YOUR INSTRUCTIONS: Using the entries that follow, write out the line containing "Western blot analysis of ACAA1", the line containing "脾虫咬后的伤口图_夏季蜱虫叮咬症状_蜱虫叮咬急救方法", and every line between them, exactly and nothing else.

[Stored records]
—————

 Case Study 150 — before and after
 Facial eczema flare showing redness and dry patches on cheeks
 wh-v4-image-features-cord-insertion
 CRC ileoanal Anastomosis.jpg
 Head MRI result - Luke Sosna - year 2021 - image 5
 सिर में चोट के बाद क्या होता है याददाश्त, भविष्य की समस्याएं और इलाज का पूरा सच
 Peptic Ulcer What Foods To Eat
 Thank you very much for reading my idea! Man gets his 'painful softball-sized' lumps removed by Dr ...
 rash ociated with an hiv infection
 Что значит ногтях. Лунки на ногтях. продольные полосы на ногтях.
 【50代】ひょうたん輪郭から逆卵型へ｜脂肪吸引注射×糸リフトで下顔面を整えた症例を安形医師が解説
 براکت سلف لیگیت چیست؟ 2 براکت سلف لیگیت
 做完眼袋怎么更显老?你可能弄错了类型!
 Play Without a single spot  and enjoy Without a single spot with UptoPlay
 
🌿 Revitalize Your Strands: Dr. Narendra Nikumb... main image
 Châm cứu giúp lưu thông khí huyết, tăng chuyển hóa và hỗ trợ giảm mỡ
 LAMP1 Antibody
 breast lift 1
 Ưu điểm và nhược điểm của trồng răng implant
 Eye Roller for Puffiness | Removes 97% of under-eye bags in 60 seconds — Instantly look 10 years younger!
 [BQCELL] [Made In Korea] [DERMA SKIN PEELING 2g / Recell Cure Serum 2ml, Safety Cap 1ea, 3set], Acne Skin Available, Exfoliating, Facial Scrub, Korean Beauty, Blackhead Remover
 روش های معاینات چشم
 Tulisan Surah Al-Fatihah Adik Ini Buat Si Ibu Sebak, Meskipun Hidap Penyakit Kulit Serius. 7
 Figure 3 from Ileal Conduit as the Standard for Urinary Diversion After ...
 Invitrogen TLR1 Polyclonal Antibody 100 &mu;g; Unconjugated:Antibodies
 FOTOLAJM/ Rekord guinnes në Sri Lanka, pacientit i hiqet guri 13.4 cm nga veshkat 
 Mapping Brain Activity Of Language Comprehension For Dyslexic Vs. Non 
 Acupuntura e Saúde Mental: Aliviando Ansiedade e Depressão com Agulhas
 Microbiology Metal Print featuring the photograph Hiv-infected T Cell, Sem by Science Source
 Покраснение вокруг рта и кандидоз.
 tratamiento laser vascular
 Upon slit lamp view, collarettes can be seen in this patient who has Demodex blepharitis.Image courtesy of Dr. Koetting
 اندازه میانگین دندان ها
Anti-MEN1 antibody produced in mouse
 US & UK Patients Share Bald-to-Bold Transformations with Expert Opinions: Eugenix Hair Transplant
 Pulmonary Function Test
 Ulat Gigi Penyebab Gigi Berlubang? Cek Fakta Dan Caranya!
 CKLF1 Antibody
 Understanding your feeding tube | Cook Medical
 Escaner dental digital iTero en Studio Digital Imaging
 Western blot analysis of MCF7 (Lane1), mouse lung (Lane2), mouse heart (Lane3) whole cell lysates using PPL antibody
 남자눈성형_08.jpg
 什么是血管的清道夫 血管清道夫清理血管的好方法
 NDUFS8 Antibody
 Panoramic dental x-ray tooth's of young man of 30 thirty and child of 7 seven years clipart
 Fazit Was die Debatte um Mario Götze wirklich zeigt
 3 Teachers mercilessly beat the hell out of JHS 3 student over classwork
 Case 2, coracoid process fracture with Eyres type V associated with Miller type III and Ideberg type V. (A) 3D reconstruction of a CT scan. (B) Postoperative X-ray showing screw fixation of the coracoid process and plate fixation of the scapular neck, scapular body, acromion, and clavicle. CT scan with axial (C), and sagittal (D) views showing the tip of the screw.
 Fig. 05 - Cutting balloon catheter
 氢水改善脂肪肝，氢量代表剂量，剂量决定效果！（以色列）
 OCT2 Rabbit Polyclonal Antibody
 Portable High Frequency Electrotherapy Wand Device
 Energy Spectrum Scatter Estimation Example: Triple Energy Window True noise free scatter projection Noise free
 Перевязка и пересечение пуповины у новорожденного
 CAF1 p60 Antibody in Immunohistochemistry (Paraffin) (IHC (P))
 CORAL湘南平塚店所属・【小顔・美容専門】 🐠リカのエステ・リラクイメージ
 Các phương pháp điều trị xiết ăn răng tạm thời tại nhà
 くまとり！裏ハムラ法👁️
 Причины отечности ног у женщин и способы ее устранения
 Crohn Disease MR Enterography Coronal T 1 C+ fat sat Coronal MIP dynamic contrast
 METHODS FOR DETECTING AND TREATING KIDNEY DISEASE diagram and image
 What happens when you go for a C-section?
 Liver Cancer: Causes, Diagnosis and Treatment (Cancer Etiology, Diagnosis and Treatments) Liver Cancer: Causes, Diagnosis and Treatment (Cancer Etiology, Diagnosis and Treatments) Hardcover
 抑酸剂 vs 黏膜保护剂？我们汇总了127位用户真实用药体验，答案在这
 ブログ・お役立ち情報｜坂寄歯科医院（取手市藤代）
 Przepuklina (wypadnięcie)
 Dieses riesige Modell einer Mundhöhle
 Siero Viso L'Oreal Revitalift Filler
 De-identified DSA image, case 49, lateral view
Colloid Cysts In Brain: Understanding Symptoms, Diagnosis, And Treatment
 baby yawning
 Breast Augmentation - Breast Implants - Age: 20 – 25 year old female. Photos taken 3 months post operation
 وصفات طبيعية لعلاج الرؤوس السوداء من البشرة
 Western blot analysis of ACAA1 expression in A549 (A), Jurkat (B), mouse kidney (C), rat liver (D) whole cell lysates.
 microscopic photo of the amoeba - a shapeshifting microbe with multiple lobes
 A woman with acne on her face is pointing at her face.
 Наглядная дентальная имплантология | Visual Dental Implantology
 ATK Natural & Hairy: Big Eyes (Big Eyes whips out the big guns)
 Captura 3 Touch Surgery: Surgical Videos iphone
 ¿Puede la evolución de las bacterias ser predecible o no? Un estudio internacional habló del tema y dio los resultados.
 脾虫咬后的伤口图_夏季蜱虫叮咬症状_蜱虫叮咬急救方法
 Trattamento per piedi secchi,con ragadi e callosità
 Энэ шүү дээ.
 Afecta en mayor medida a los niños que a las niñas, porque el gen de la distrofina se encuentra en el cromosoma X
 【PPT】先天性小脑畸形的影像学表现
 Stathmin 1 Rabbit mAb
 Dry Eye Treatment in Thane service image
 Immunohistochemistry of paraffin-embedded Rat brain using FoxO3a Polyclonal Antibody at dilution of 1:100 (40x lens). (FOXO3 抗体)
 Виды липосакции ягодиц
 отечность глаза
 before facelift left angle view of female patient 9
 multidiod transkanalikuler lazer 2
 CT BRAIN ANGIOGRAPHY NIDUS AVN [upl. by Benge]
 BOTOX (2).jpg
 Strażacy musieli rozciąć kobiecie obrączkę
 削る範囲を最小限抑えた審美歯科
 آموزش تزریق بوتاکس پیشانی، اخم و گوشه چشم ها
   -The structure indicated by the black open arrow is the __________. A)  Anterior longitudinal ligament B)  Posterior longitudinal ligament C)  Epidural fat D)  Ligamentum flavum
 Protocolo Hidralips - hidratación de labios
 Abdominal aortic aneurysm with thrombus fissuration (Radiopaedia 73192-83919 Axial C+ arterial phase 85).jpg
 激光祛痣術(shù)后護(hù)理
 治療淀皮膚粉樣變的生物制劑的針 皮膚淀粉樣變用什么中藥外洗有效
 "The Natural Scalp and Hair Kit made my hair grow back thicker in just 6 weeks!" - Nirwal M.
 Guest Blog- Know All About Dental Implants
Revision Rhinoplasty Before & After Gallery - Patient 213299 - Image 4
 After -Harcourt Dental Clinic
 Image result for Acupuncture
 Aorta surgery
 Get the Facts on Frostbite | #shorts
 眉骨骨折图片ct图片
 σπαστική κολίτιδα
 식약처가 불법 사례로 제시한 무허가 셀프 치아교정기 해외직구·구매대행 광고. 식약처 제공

—————

TASK ANSWER:
 Western blot analysis of ACAA1 expression in A549 (A), Jurkat (B), mouse kidney (C), rat liver (D) whole cell lysates.
 microscopic photo of the amoeba - a shapeshifting microbe with multiple lobes
 A woman with acne on her face is pointing at her face.
 Наглядная дентальная имплантология | Visual Dental Implantology
 ATK Natural & Hairy: Big Eyes (Big Eyes whips out the big guns)
 Captura 3 Touch Surgery: Surgical Videos iphone
 ¿Puede la evolución de las bacterias ser predecible o no? Un estudio internacional habló del tema y dio los resultados.
 脾虫咬后的伤口图_夏季蜱虫叮咬症状_蜱虫叮咬急救方法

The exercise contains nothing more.